So must the government. It has ordered Bakken oil trains to slow down to 40 miles per hour in heavily populated areas and ordered that trains with 70 or more oil tank cars eventually be equipped with electronic braking systems. Those that are not will eventually be restricted to speeds not exceeding 30 miles per hour.
BNSF Railway, Minnesota’s major hauler of Bakken crude, did not respond to a Star Tribune request for comment. The railroad has said previously that it voluntarily imposes a 35 miles per hour speed limit on oil trains in heavily populated areas.
Canadian Pacific, Minnesota’s other principal oil carrier, deferred comment to the Association of American Railroads (AAR), an industry trade group.
The rail industry has complained emphatically about installing electronic braking systems.

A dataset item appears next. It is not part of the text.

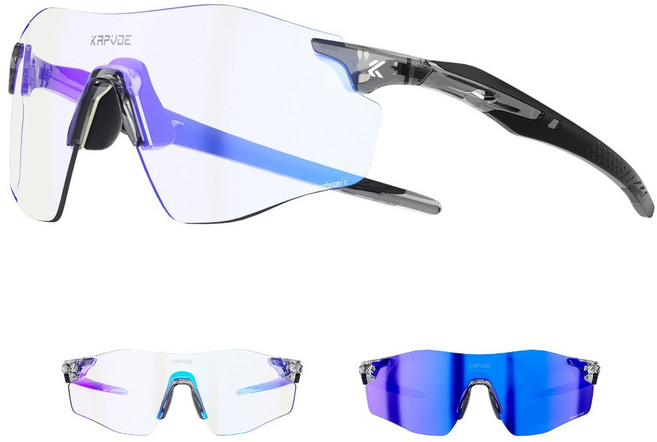 KAPVOE 카프보에 스포츠 러닝 고글 자전거 등산 편광 방풍 변색 K133, 1개, 변색+블루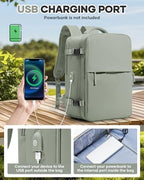 Vacuum Seal Travel Backpack with Air Pump Compression Waterproof Vacpack Carry On Backpack for Travel Daypack Women Men with Vacuum System Airlines Approved Vacpack Laptop Space Saver Bags GrassGreen - Image 4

Electronically controlled pneumatic brakes, the formal name of the technology, “will not prevent accidents as the public expects,” AAR spokesman Ed Greenberg said. If trains without electronic brakes are forced to move at no more than 30 miles per hour, Greenberg added, “slow-moving trains will impact the flow of the network and may add more trains to the system which will result in additional congestion.”
Railroads can’t order tank car makers to install electronic brakes, Greenberg said. So if tank car makers do not, oil trains speeds will decline across every mile of track everywhere.
Supporters of reform counter that it will be the industry that causes the slowdowns and gums up the system by refusing the install the brakes that the government has mandated in order to run oil trains fast.
“I’m not sure slowing down from to 50 or 40 miles per hour is going to throw the rail system off,” said U.S. Sen. Al Franken, D.-Minn. He called the rail industry’s reluctance to install electronic brakes “self-interested.”
“You have to have a balancing act between safety and efficiency,” explained the soy coalition’s Steenhoek. “Safety is paramount. But if you’re a congested system, slow speeds in urban areas can have a negative impact on the entire system. It’s a cascading effect.”
Franken said in an interview that the government and the railroads should consider rerouting oil trains around urban areas to keep things moving.
“Safety is really important,” he said. “But efficiency is part of this as well as safety.”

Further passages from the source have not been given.